したがって、相違点1は実質的なものではない。

(2)相違点2について
引用発明の「開口」は、「開口を通じて前記壁で囲まれた領域へアクセス可能である」という、本願発明の「開口」と同等の機能を有するものであるから、「開口」の位置を、「壁の内側面」に設けるか、「壁の内側の前記(突出部のマトリックス配列を備えた)面」に設けるかは、当業者であれば適宜選択する程度の設計的事項にすぎない。
したがって、相違点2は実質的なものではない。

(3)相違点3について
以下、ア、イの2点に分けて検討する。

ア、突出部のマトリックス配列構造について

引用例2の記載事項ウ及び第2図には、基板保持用の、突出部マトリックス配列構造の周知例として、以下の点が開示されていると認められる(第2図から読み取れるものである)。

・半導体基板を支える複数個のピン(本願発明の「突出部」に相当)のマトリクス配列が、一連の同心円からなり、それにより、前記ピンが各円に沿って、実質的に規則的な弓形の間隔で配置されている点。

・立上りリム(本願発明の「壁」に相当)が、前記複数の円と同心である点。

・一つの円の一対の隣接するピンと隣接する円の対応する最も近い一対の隣接するピンとにより画定される四辺形の領域が、マトリクス分布の前記四辺形の位置に関係なく実質的に一定なサイズを有する点。

・前記隣接する円のいずれかの対の相互半径方向間隔が実質的に等間隔である点。

したがって、同じく基板保持用の突出部のマトリックス配列に関する、引用発明のマトリックス配列構造を、上記周知のマトリックス配列構造に置き換えることは、当業者にとって格別な困難性は認められない。

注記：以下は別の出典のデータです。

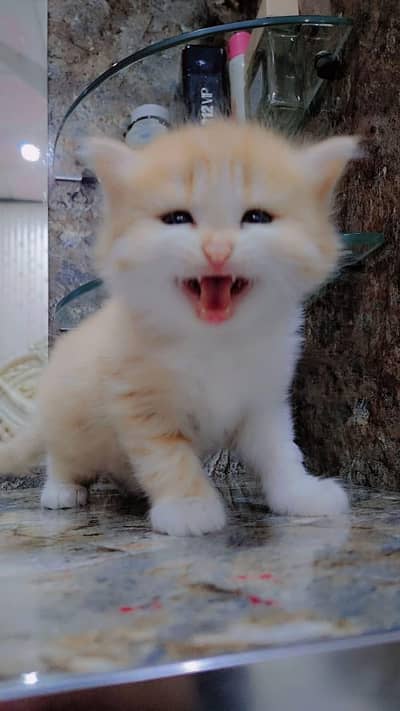 Persian kittens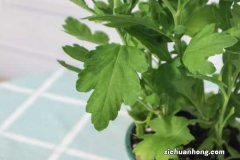 盆栽菊花的养殖方法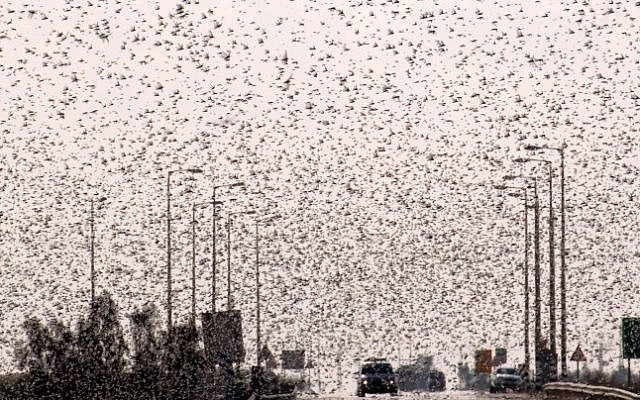 Swarms of locusts seen flying over Ramat Negev on March 5, 2013. (Dudu Greenspan/Flash90)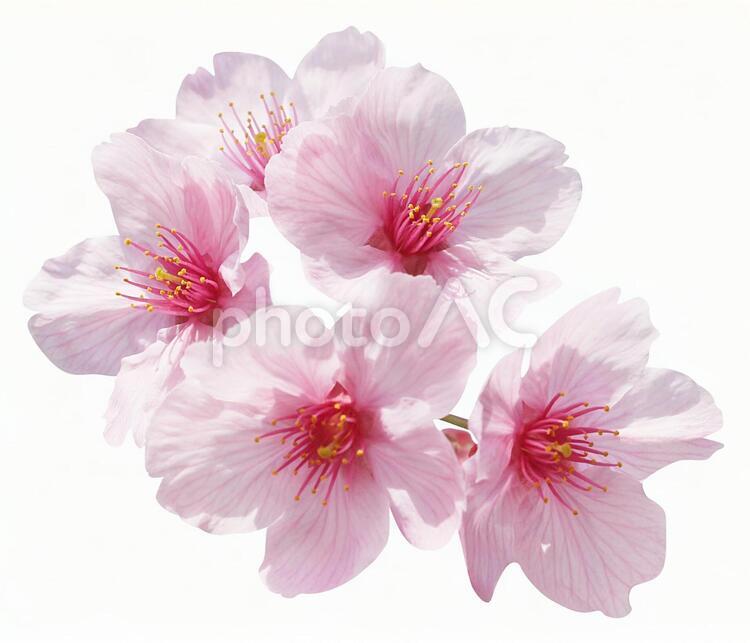 切り抜き素材　桜44 桜,ピンク,春の写真素材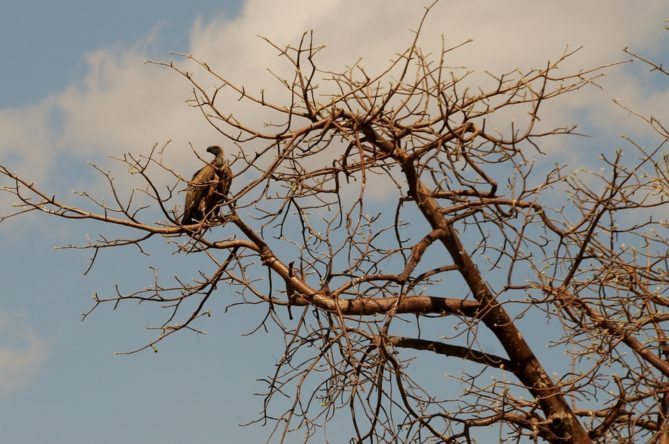 Best African Safari Animals Shots - vulture tree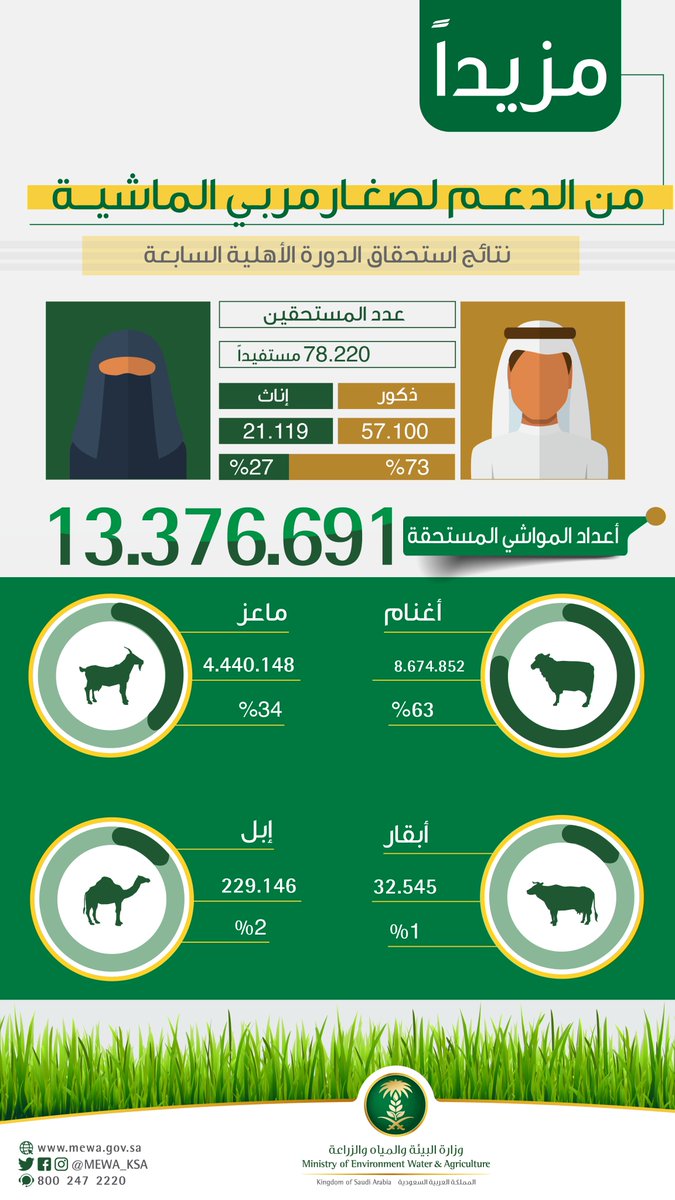 رقم دعم المواشي الموحد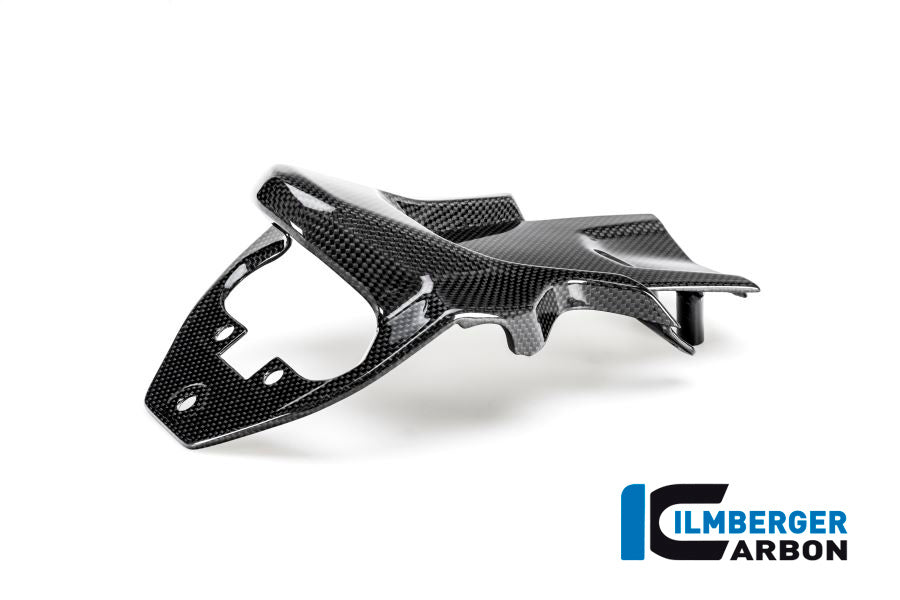 Kentekenplaathouder cover glanzend carbon Ducati Multistrada 950S (2019-2021)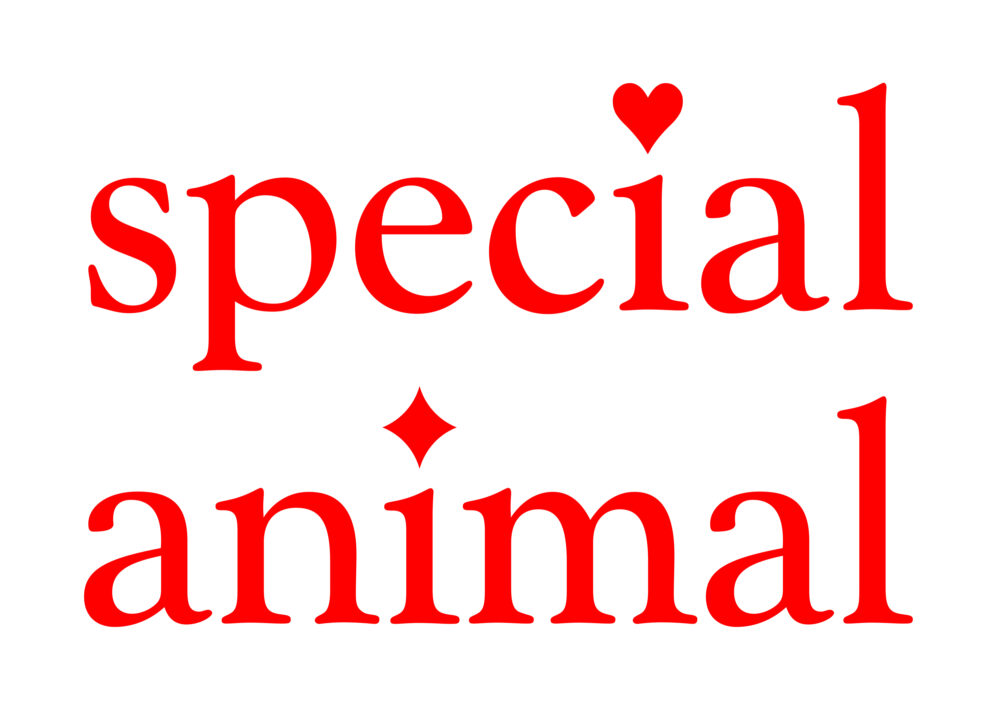 special animal Siân Newlove-Drew & Billy Crosby Ashley Kinnard Studio is an art and graphic design practice based in London. Our work includes publications, visual identity, type design and websites.
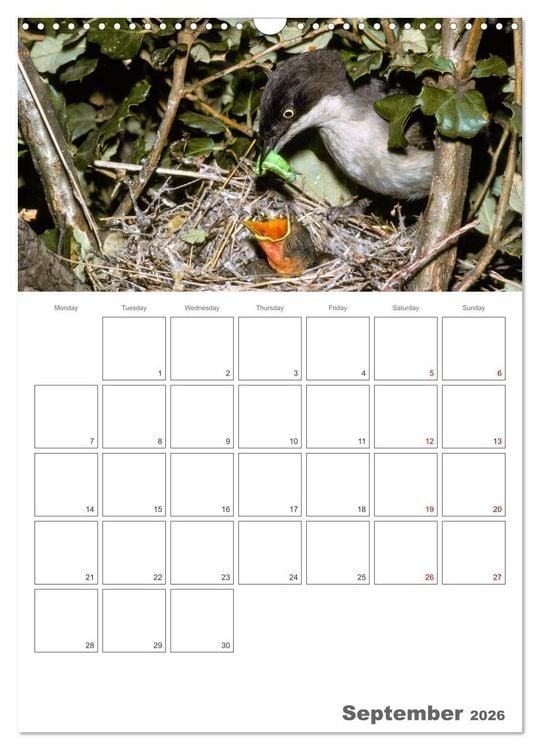 Produktbild: At the dawn of life the secret life of passerines (Wall Calendar 2026 DIN A3 portrait), CALVENDO 12 Month Wall Calendar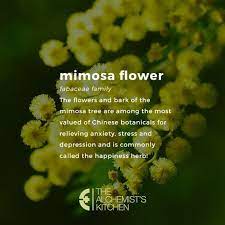 5 Herbs To Bring More Joy Into Your Life The Alchemist S Kitchen Mimosa Flower Medicinal Herbs Herbs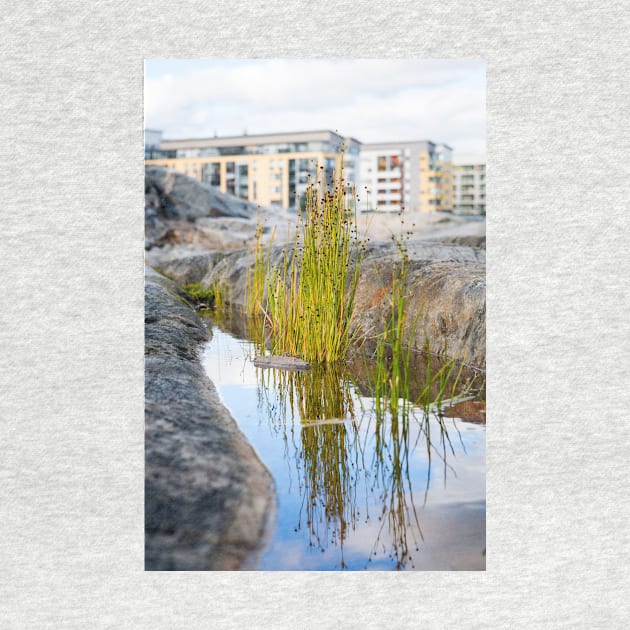 Lakeshore Bulrush by ansaharju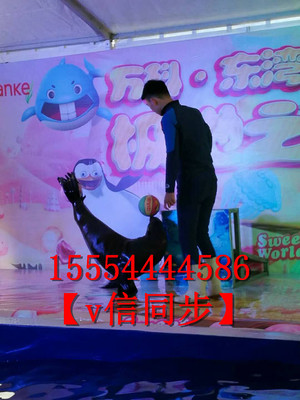 動物表演馬戲團表演金剛鸚鵡展覽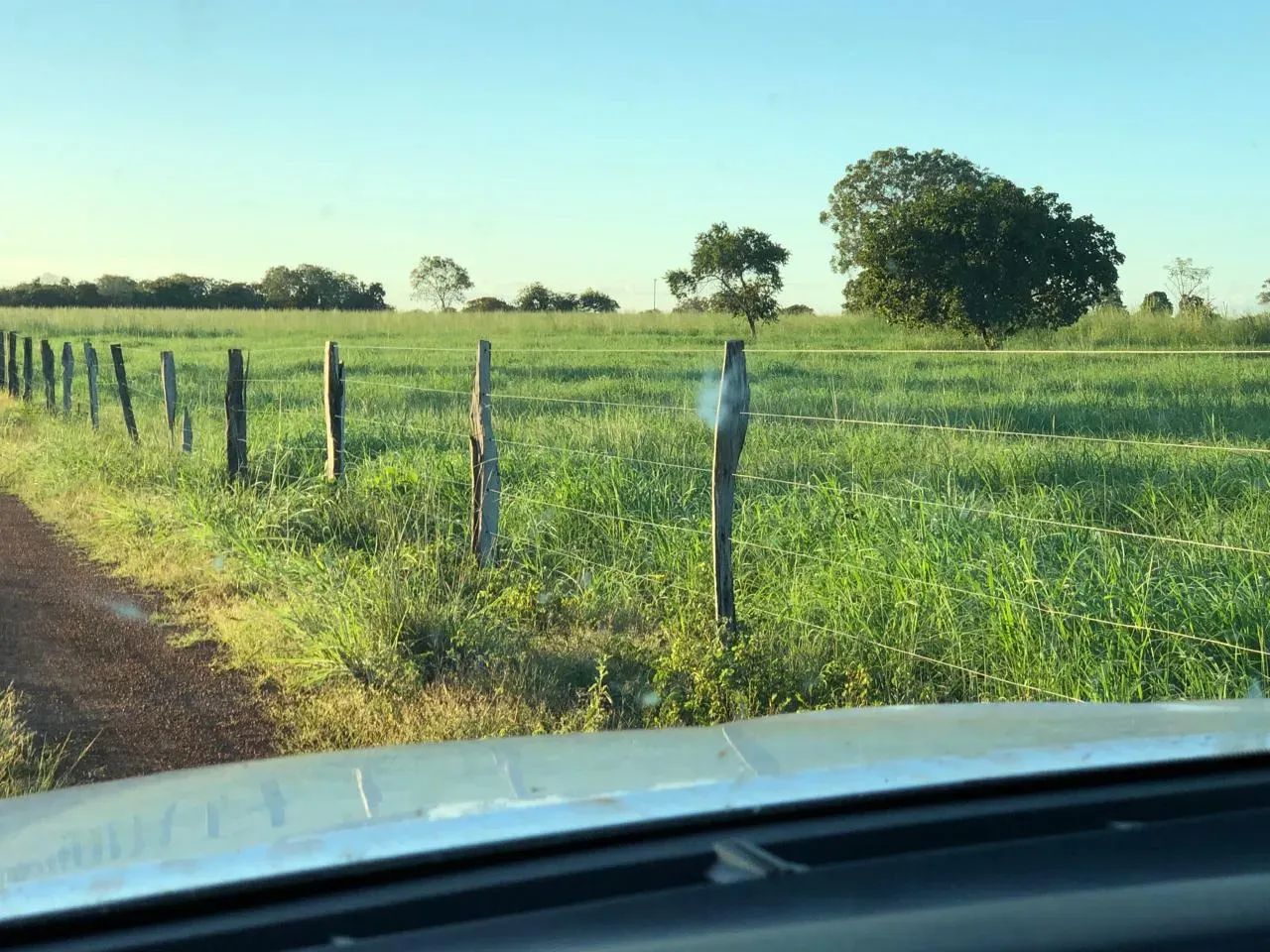 Fazenda 71 alqueireis (345 hectares) Duere - TO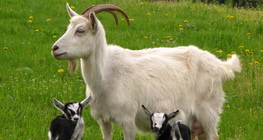 العنزة مع صغارها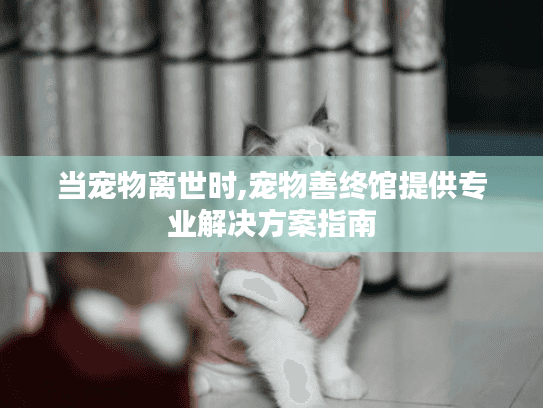 当宠物离世时,宠物善终馆提供专业解决方案指南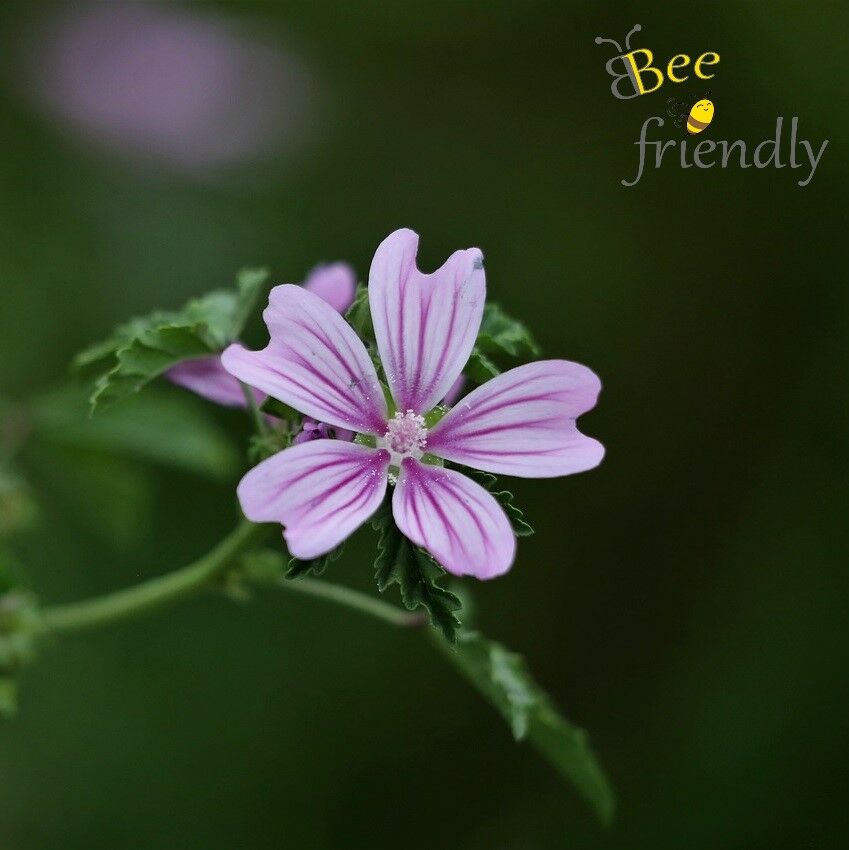 Bienenfreundliche Wildblumen: Die Wilde Malve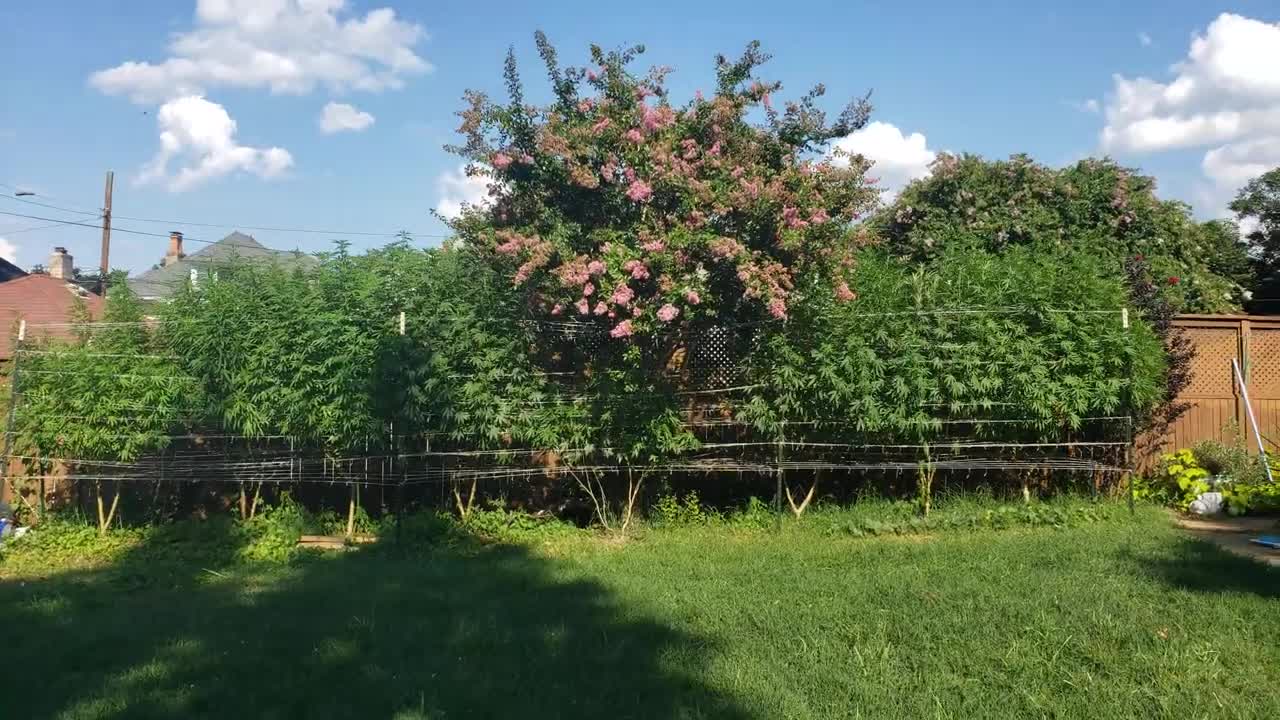 2022 Outdoor Cannabis Garden Tour | Garden Update [#10]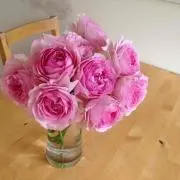 ゆーか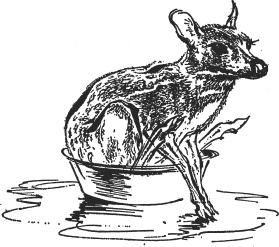 Иллюстрация к книге — Зоопарк в моем багаже [zooinmyluggage_026_imgx.jpg]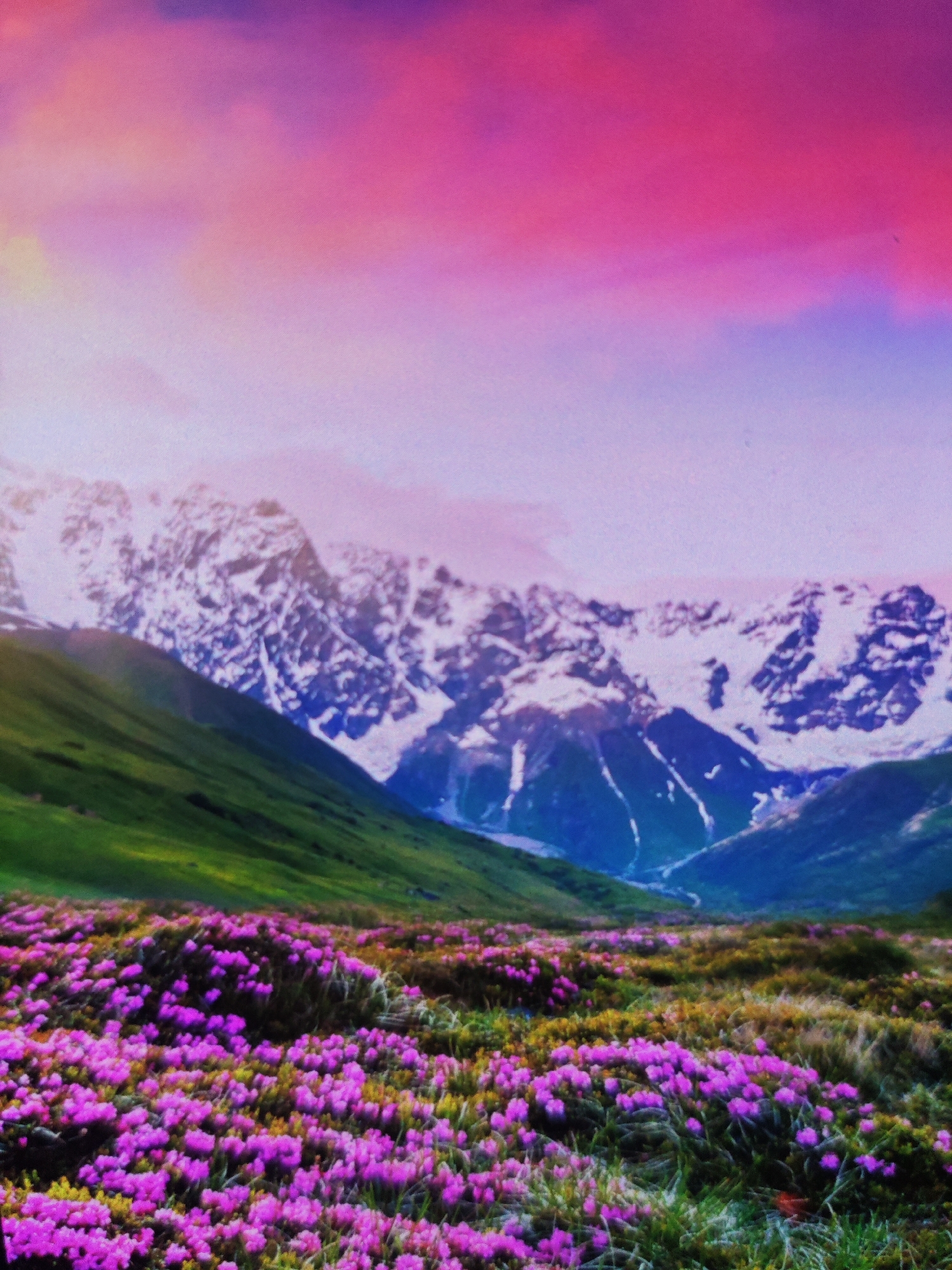 This image depicts a vibrant mountain landscape. In the foreground, a dense field of bright pink flowers carpets the ground, interspersed with patches of green grass and yellow wildflowers. Beyond the flower-filled meadow, a steep, green mountain slope rises, leading to a backdrop of majestic snow-capped mountains. The sky above is a dramatic gradient of pink and purple hues, with soft clouds contributing to the ethereal atmosphere. There are no people or man-made structures visible in the image. The scene appears to be a natural, unspoiled wilderness. The city of Armavir, Russia is not depicted in this image, as the scenery is clearly a mountainous region.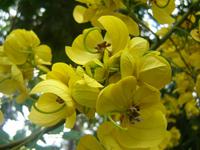 132 Impressionen - Kassie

イ、突出部のマトリックス配列と壁との配置関係について

上記「前記壁とそれに最も近い前記円との間の半径方向距離xが0.3<x/d<0.6の関係を満足し、」という相違部分について、その数値限定が有する技術的な臨界的意義については、本願の当初明細書の段落【0032】、及び図4に記載されたとおり、「ウエハ19の垂直変形△」を「許容範囲」内に治める、という点にある。
(「【0032】実施形態3
図4は、200mmのウエハ19の垂直変形△(単位nm)を、実施形態1で説明したプレート2のウエハ半径r(単位mm)の関数として、壁8から突出部6の最も外側の円12までの半径方向距離xの種々の値について示す。半径rは共通の中心14から測定される。この特定の実施形態では、壁8はr=97.75mmに位置し、dの値は2.54mmである。図4の曲線a?iは、x=1mm(曲線a)から始めて、x=1.4mm(曲線i)まで、0.05mmずつ増加するxの種々の値に対応する。本発明によれば、xのこれらの値は全て、0.39<x/d<0.55の関係を満足する。
【0033】△の最大値は37nm(曲線a)であり、また、△の最小値は約4nm(曲線f)である。図中の△の全ての値は100nmの許容範囲内に充分に収まる(また、大部分は50nmの許容範囲内に収まる)。」)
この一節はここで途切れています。